▶ _Problem to solve_:
Each line below must be reproduced exactly, though the pictures are to be dropped.

▶ _Information shown_:
■ ■ ■
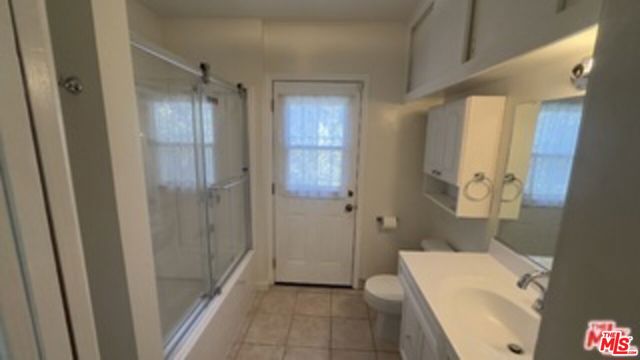 1903 S Westgate Avenue, Los Angeles CA: https://media.crmls.org/mediaz/64075633-934b-499f-b8aa-0cd1a080ea08.jpg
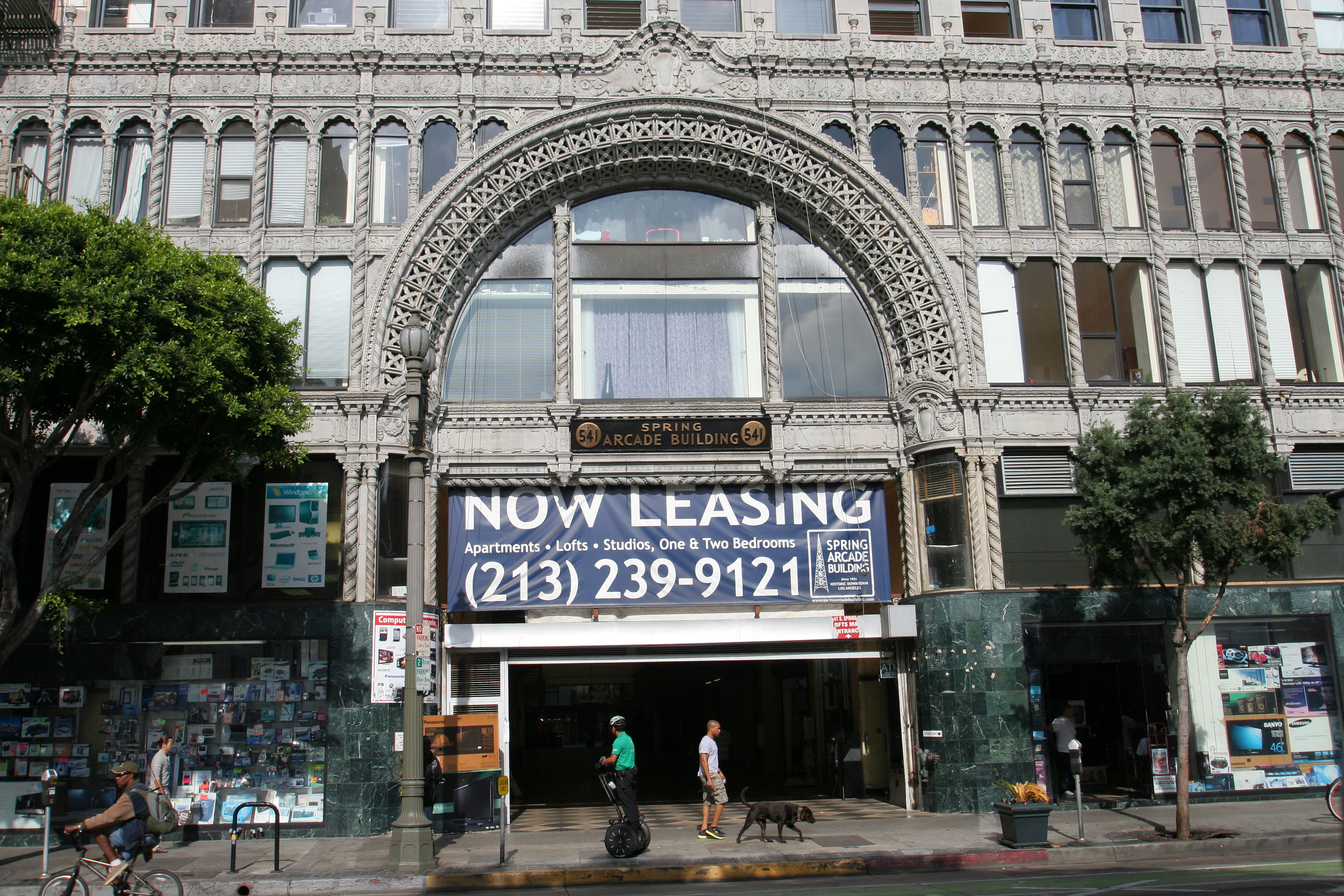 Spring Street Arcade with Segway (6933)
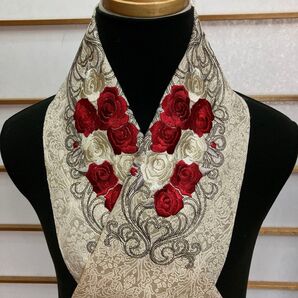 刺繍半衿 半襟成人式・卒業式に赤・白薔薇とアラベスク柄ゴールド生地タイプ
■ ■ ■
▶ _Expected answer_:
 1903 S Westgate Avenue, Los Angeles CA: https://media.crmls.org/mediaz/64075633-934b-499f-b8aa-0cd1a080ea08.jpg
 Spring Street Arcade with Segway (6933)
 刺繍半衿 半襟成人式・卒業式に赤・白薔薇とアラベスク柄ゴールド生地タイプ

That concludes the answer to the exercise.